Selasa, 02 Februari 2010

Kenang-kenangan Terakhir


Tiga tangkai bunga layu tergolek di vas bunga di atas mejaku. Warnanya yang semula putih cerah dan kuning tajam telah berubah menjadi kehitaman sedikit membusuk karena lembab.

Bunga itu sebentar-sebentar saja kuperhatikan, jika hendak menuju dapur atau mau mengambil CD (compact disc).
Walau telah layu, bunga itu terasa spesial. Meski tak sespesial ketika pertama kali diletakkan.

**************
Pukul setengah enam pagi laki-laki yang tergolek di sampingku bangun dan tiba-tiba beranjak pergi keluar kamar. Sambil mengganti pakaian dan mencari peci, laki-laki yang tak lain suamiku mengatakan bahwa ia ingin ikut melepaskan jenazah Gus Dur, ulama yang dikaguminya itu menuju bandara untuk selanjutnya diterbangkan ke Jombang.

Saat itu mataku masih terpejam menikmati empuknya bantal dan terpaan semilir angin dari pintu kamar yang terbuka.

“Ya, pergilah.

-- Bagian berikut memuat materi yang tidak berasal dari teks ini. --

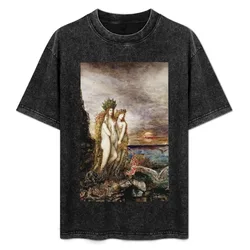 Gustave Moreau - The Sirens T-Shirt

Kalo sudah selesai lekas pulang ya. Hati-hati di jalan.”

Tidak biasanya suamiku terbangun saat matahari masih tertidur. Lalu aku mengerti, bahwa kepergian sang idola telah membuatnya ikut berduka.

Pukul 10 kami janjian untuk bertemu di Stasiun Pasar Minggu, karena akulah yang membawa kunci rumah.

Kuperhatikan dari jauh tangan suamiku melambai. Lalu kudekati lambaian tangan itu. Kami duduk pada rel besi kereta yang telah didesain menjadi tempat duduk. Laki-laki ini meletakkan bungkusan Koran lalu membukanya, juga segebok beberapa Koran harian yang terbit hari itu.

Tiga tangkai bunga.
“Hari ini aku bersedih” katanya tenang.
“Hanya bunga inilah yang terakhir menjadi kenang-kenangan dari seorang Gus Dur. Juga berita Koran-koran yang mengabarkan kepergiannya”

Kulihat sudut matanya basah. Sampai hari ketujuh setelah kepergian orang yang dikaguminya itu, tak pernah kudengar suamiku tertawa. Sungguh kepergain Gus Dur membuat kami terasa amat berat melepaskannya. Kesederhanaan, keberanian, dan kejujurannya membuat kami kagum sekaligus bangga pernah memilikinya.